You might ask, well, maybe there's a part of them that's upset with me and how, you know, let me create a space to hold all of who this person is, including their, their anger and, and including their love.
Mm hmm. Yeah.
I've always imagined that my epitaph would say sorrowful, yet always rejoicing that same tension of having things that live together, but no need to get into death.
That's beautiful. Well, it's hard to talk about soul care without speaking of gardening, you know, and so gardens are great examples of having different parts that interrelate to one another and that really need each other.
And like we can and I have a garden with some redwood trees and I learned through gardening that these roots of the redwood trees intermingle underground so it's good to have more than one because they actually support each other. And so that's why we had one and we planted two more so that they can, they can be, they can strengthen one another and that's how we are internally that when one part of us becomes more healthy, then that part actually helps the other parts too. Yeah.

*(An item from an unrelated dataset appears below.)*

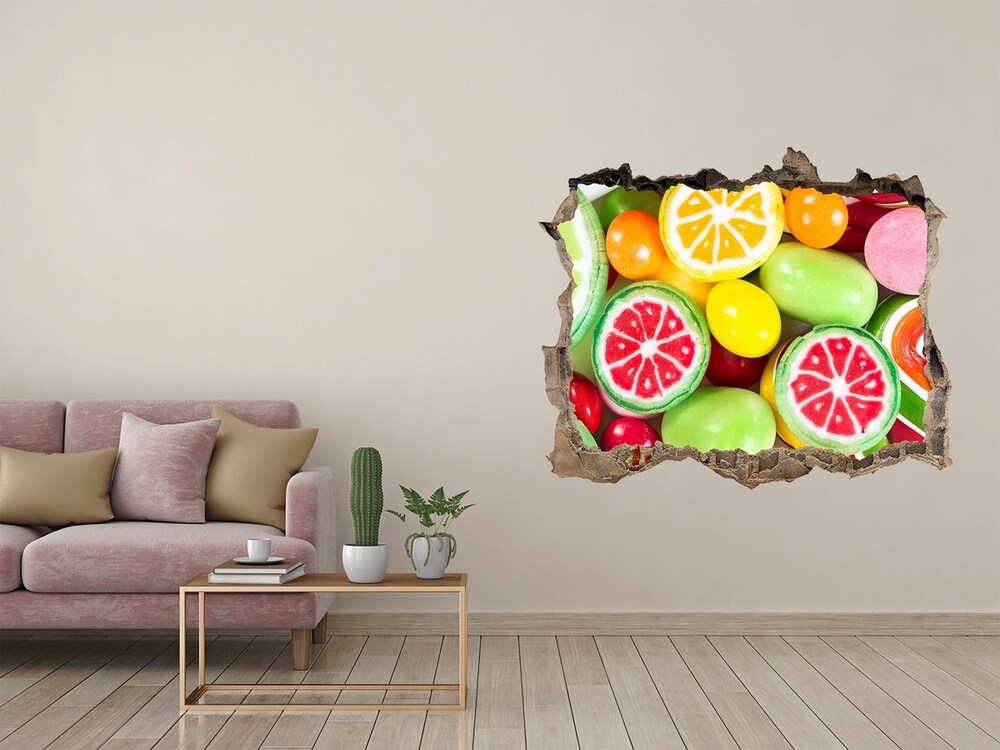 Hole in the wall sticker Colorful candies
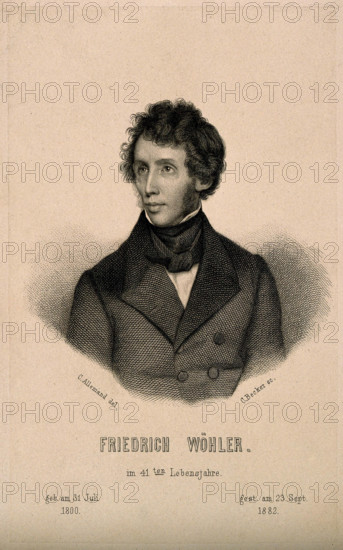 Friedrich Wöhler. Engraving by C. Becker after C. L Allemand. Copyright: xpiemagsx wellcollpie29102021-46271 !ACHTUNG AU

I love that. So how long does this process take come because that's what I'm wondering I want I have these problems I want to focus on them is it like two hours I need is it two months.

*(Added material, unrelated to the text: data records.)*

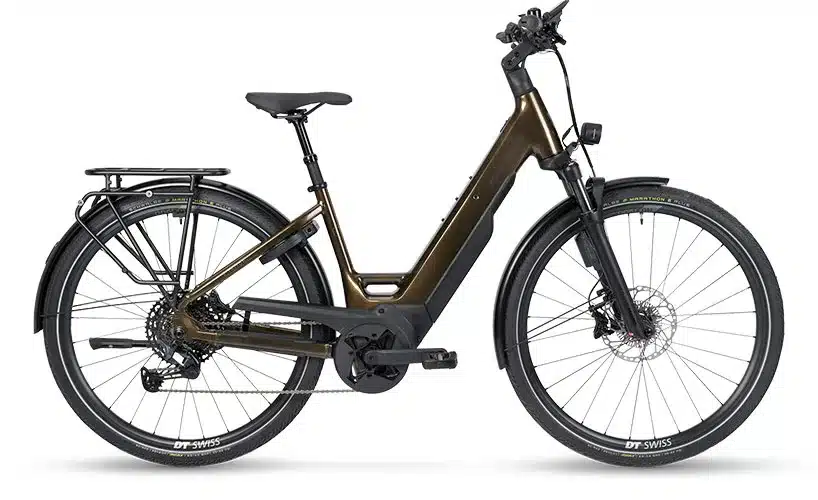 Stevens E-Triton 8.8.1 Plus Forma Touren E-Bike in brauner Metallic-Lackierung, mit tiefem Einstieg, Racktime-Gepäckträger, Bosch Performance Line PX Motor und Kiox 500 Display.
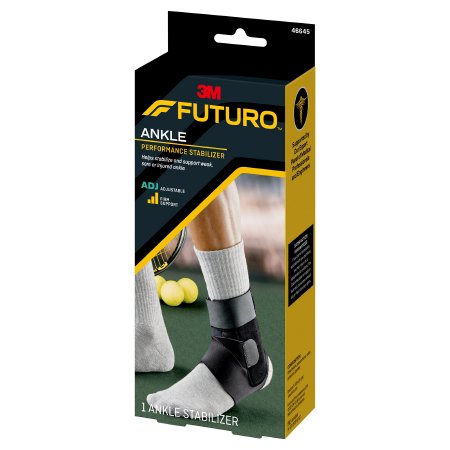 Packaging for 3M Futuro Ankle Stabilizer, showing the product in use on a person's ankle, with black color indicated and text highlights the product features.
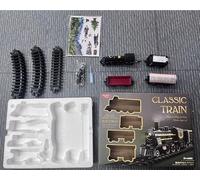 BUOAZR Trenino Elettrico per Bambini, Classico Treno Vapore Giocattolo con Fumo, Luci e Suoni, Trenino Sotto Albero di Natale, Train retrò natalizio con 4 Carri Treno, Decorazioni Natalizie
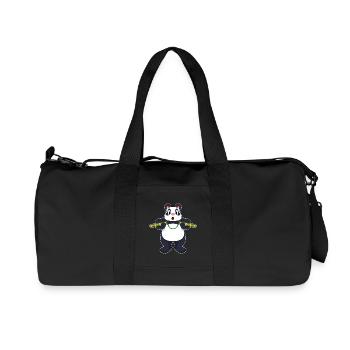 Panda Nunchaku Martial Arts - Recycled Canvas Sports Bag by Stanley/Stella - black - Front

I did it ever get done because I imagine I have a lot of overwhelming parts and so I'm one, you know, do you go like stuff but each one of them down the line or what does that look like.
Oh, well I tend to think of it like a child growing up that you don't really see the growth happening in the moment but if you go away and come back a year later you you realize how far the person has come and how much taller they are and I feel like that's growth is like that you may have a good experience of kind of working through an issue, working with the part of your soul and you've grown maybe just a tiny little millimeter and you might not notice it in the moment and you may say wait, I'm still unhappy, you know, the next day and they didn't work. But and we all have skeptical parts like that but there was growth there and over time you can really notice the difference, notice the change and you what you'll notice is that you'll feel lighter. You know, people say that I just have heard it so many times.

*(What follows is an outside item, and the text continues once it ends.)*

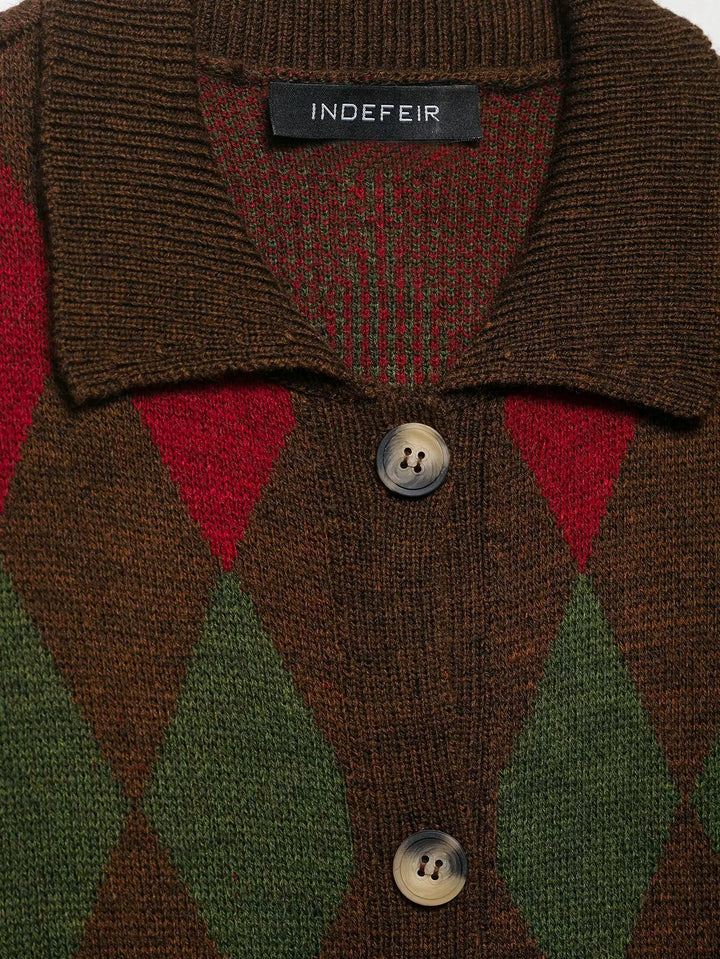 Kardigan z krótkim rękawem Argyle Knit Polo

I feel lighter and they say they're more flexible so mental health, a symptom of mental health is being more flexible and being more resilient.
So how long does it take? I mean it's just an ongoing process of sanctification. And how important are other people in that process because I was thinking you know it's wonderful to read this book alone but to actually go through it with either a small group or a counselor what is what do you have recommendations for that? Yes, well I mean in the original boundaries book by Cloud and Townsend, they talk about having friends that go to this experience with you and I read that book and I thought you know what I want to boundaries committee and so I called my sister and I said, would you be on my boundaries committee? She said I would be, she said I'll be the president of your boundaries committee and so and we've been that for each other for decades now and so I think it's a great idea to say hey you know to a group of friends let's form an internal boundaries committee and we can focus together because this is as you can tell this is a whole own language.
Oh yes, not a language I'm fluent in by the way.
You're pretty good at it. It's not yeah you're very experienced already that that's me I would say but at the end of the book there's a glossary that has definitely a lot of these terms and you know you you might not want to just say to somebody you never talked to this about before I'm going to take a U-turn right now but if that's part of your vocabulary with a friend, right? Ken and I use that a lot in our marriage will say like I need to take a U-turn right now and it's just a way of saying like I'm feeling a little bit reactive I need to spend a moment trying to understand where this feeling is coming from.
And so yet to have a group of people with whom you share this common language can be really fun and it can really help you in your process. Well that's great. Thank you so much Kim for joining us today and talking about your book and your life and all of the internal vulnerable parts of our life, of our hearts and for counseling me.